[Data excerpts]
*** Begin section ***

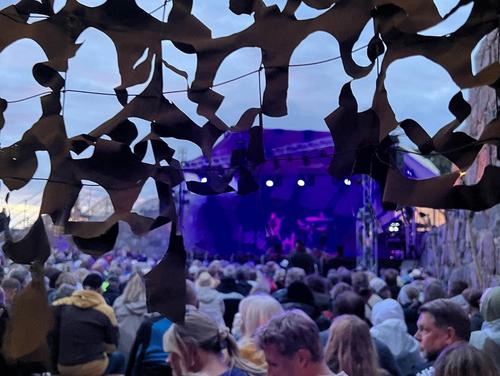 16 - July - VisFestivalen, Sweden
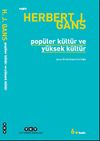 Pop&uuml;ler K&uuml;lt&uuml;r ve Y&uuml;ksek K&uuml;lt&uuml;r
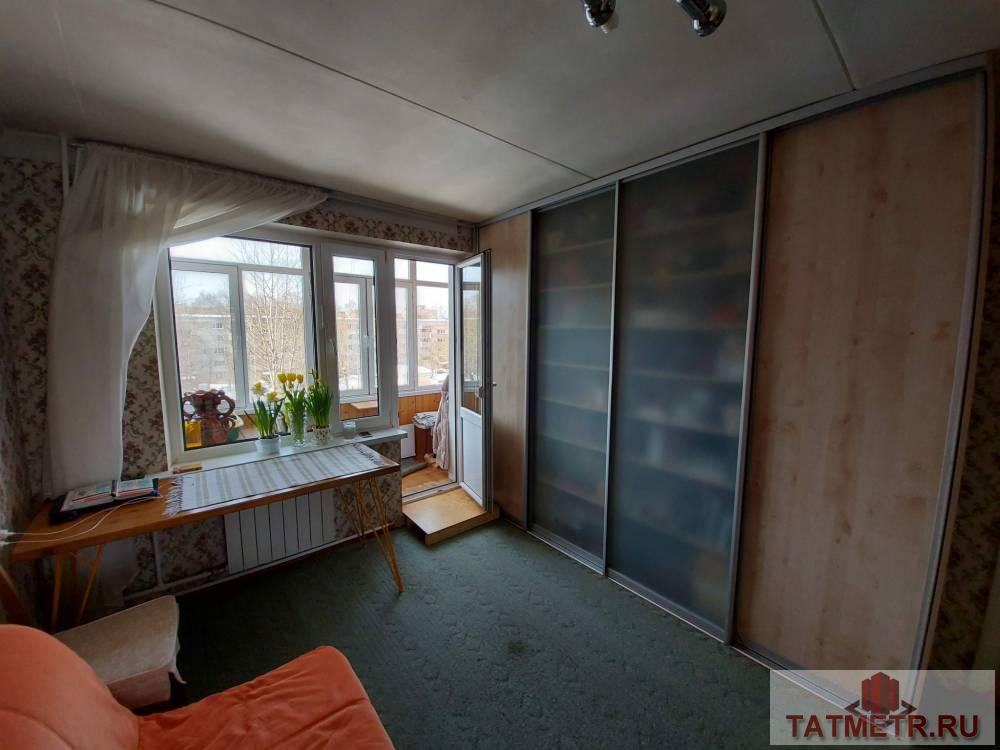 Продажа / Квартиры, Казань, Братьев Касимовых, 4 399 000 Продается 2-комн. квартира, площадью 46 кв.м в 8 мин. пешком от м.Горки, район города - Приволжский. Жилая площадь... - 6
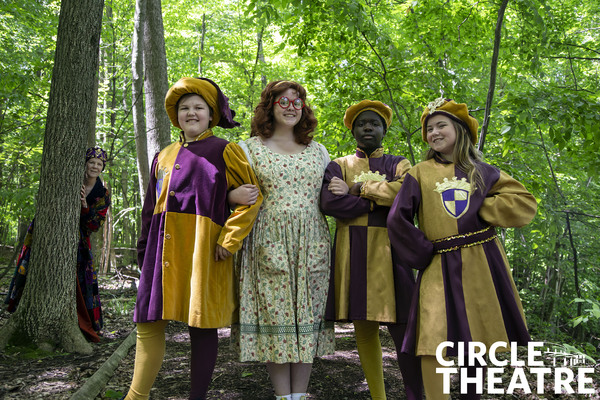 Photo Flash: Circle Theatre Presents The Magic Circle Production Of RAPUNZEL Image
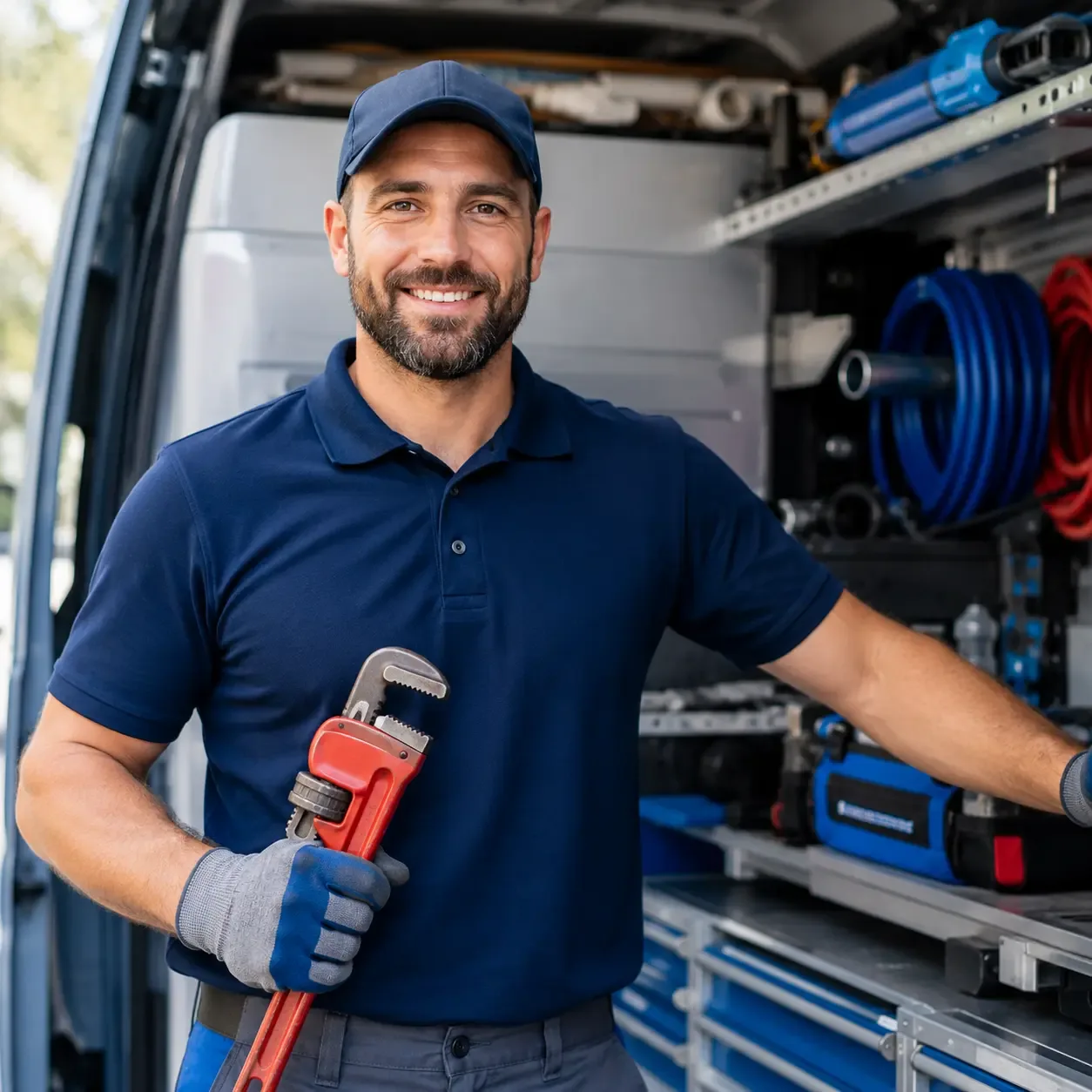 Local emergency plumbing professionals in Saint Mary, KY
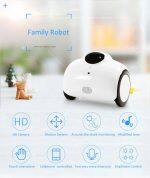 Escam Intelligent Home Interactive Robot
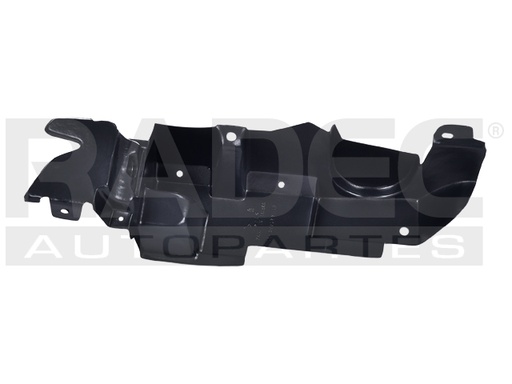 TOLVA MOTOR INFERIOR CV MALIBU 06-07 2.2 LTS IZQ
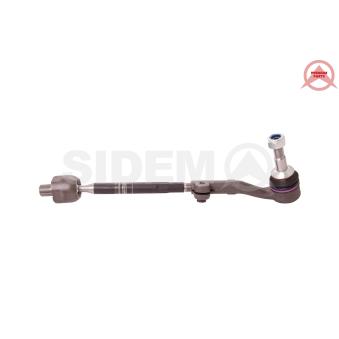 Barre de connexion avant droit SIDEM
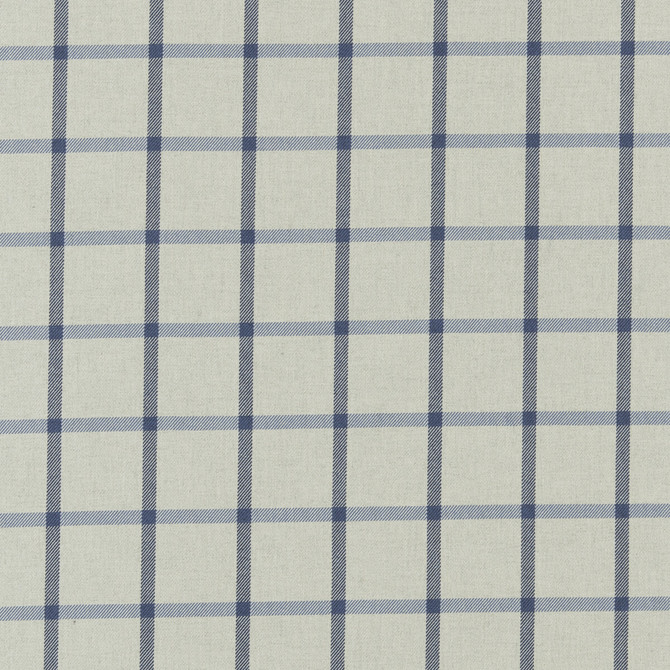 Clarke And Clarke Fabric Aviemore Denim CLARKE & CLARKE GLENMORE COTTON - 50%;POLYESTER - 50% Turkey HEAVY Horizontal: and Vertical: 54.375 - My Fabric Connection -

*** End section ***

Action item -> Retype the lines exactly. Begin at the one that holds "Продажа / Квартиры, Казань, Братьев", stop at the last line of the entries above, and drop the pictures.

Result of this exercise ->
 Продажа / Квартиры, Казань, Братьев Касимовых, 4 399 000 Продается 2-комн. квартира, площадью 46 кв.м в 8 мин. пешком от м.Горки, район города - Приволжский. Жилая площадь... - 6
 Photo Flash: Circle Theatre Presents The Magic Circle Production Of RAPUNZEL Image
 Local emergency plumbing professionals in Saint Mary, KY
 Escam Intelligent Home Interactive Robot
 TOLVA MOTOR INFERIOR CV MALIBU 06-07 2.2 LTS IZQ
 Barre de connexion avant droit SIDEM
 Clarke And Clarke Fabric Aviemore Denim CLARKE & CLARKE GLENMORE COTTON - 50%;POLYESTER - 50% Turkey HEAVY Horizontal: and Vertical: 54.375 - My Fabric Connection -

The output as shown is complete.